Auto-induction media are chemically defined and assembled from inexpensive components. Furthermore, the cost of labeled amino acids (15N or Se-Met) is minimal for the initial screening due to the small cell culture volume required. For the example shown in Fig. , the cost for all reagents for the auto-induction and automated purification of the 15N-labeled sample was less than $50. The simple instrumentation required for the auto-induction and the Maxwell 16 purification may allow wide access to this approach, and the minimal hands-on effort required to complete the analysis through to purified protein is another considerable operational advantage.
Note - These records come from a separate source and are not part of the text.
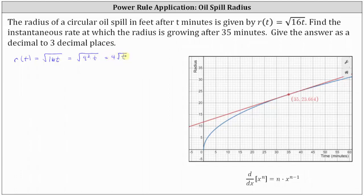But from here, to find the derivative function, we also need to write the square root of t using the rational exponent of 1 half. The rational exponent is 1 half because the exponent on t under the square root is 1, and the index for the square root is 2. So we can write r of t as 4t to the power of 1 half.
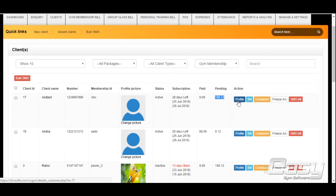The software creates a profile page for every client where you can store workout plan, diet plan, body measurements, billing, and attendance all on one page. We will assist you on the client profile in detail in the client profile video.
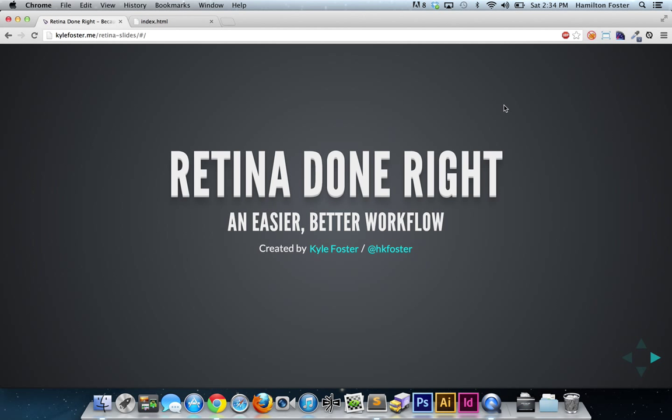What's going on party people, Kyle here, and today I want to talk about retina displays and how we can support them within our workflow without pulling our hair out. The title of this presentation is Retina Done Right: Easier, Better Workflow, and as best I can tell, this is the most efficient, most performant way to serve up high-resolution images for these high pixel density displays.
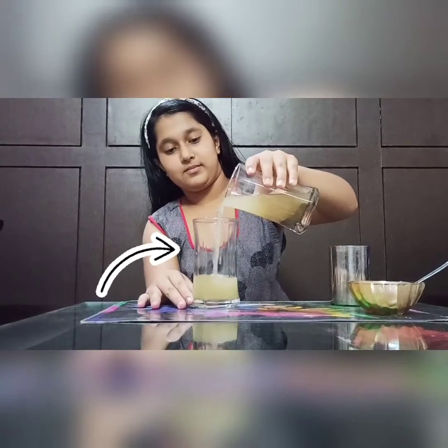So guys, this is the poured water but we can't drink this. This is dangerous for drinking. For drinking, we will filter this by the filter paper. Thank you and have a nice day.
Capillary electrophoresis has several advantages relative to slab gel electrophoresis. Although the instrument is more expensive than a standard power supply, electrophoresis equipment, and gel documentation system, the average price per sample analysis (~$0.67 per lane of analysis) using the LC90 chip is less than pre-cast polyacrylamide gels (~$1.17 per lane of analysis). Other advantages of capillary electrophoresis include automated operation, rapid processing time, digital information capture, and quantitative analysis of electropherograms. This work shows that the quantitative analysis of protein yield from a small-scale expression can be used as a predictive tool for scale-up feasibility.
Other applications of this approach
The automated protein purification process described here has other potential uses. This process can facilitate evaluation of different vector designs and arrays of different expression hosts. For functional studies, banks of site-directed or randomly mutated proteins can be prepared and purified in amounts sufficient for catalytic screening. This may facilitate protein engineering for new traits that can be assayed such as changes in catalytic activity, thermal stability, or other desirable properties. In many cases, the amounts of protein recovered by the automated purification (Tables and ) should be adequate to initiate these functional studies. Surface entropy reduction analysis could also be facilitated through an effective sorting of protein variants that maintain sufficient stability to be purified. The delivery of small quantities of purified proteins for examination by micro-crystallization techniques or NMR analysis before significant effort is placed into purifying large quantities also has demonstrable advantages.
For eukaryotic proteins, domain engineering is an important experimental focus. It is clear that multiple changes at the N- and C-terminus may be required to identify the best performing variant. Through the use of purification screening, it is efficient to express, purify, and examine engineered domains for improved solubility properties as part of the experimental process.